According to Ibrahim, one reason for the exorbitant price is that the off-label use of the drug is getting attention on social media. For example, Elon Musk recently tweeted about relying on drugs like Wegovy and Rybelsus (a semaglutide pill) to maintain a lean physique. When asked his secret to staying healthy, the billionaire owner of Twitter and CEO of Tesla replied that he relies on “fasting + Ozempic/Wegovy.”

Others on social media have complained that friends and loved ones with diabetes don't have access to the medications they rely on to regulate their condition.

“My husband can't get the Ozempic he needs to control his diabetes. There's a shortage due to prescriptions for weight loss pills. He needs it tomorrow and there's no one to get it,” one person tweeted.

“What's the story about Ozempic? I have a friend on twitter who can't find it and it's the only one that properly manages his diabetes.

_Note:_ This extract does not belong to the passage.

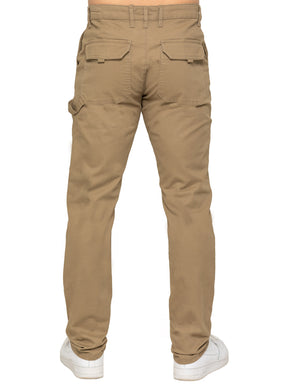 Enzo | Mens Utility Work Trousers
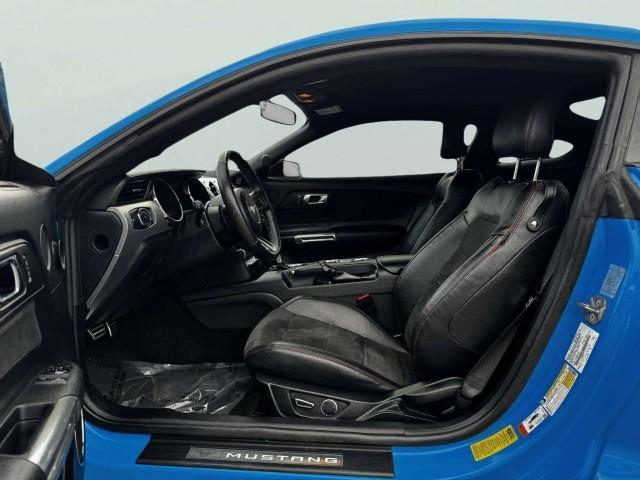 used 2017 Ford Mustang car, priced at $24,299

Can you guys help?” Another person posted this week tweets.

Ibrahim is concerned about fairness about who has access to Ozempic.

“There are a lot of people out there who aren't overweight and just want to lose a little weight,” he told CBS MoneyWatch. “While they can't get these drugs through insurance, they can afford to buy them, and that's part of the supply problem.”

Ibrahim also said doctors should exercise caution in deciding whom to prescribe the drug, which is key to maintaining adequate supplies.

“I don't think the idea of ​​companies just ramping up production is the right strategy right now because they make enough stuff for the right people,” he added.

He remains concerned about access to treatment for diabetics and obesity and the resulting inequities.

“A lot of these patients happen to live in socioeconomically disenfranchised communities, so for them, the lack of access to these very good medicines is a major national problem,” Ibrahim said. “We need to preempt step, and find ways to make sure this doesn't become another huge source of disparity in health care.”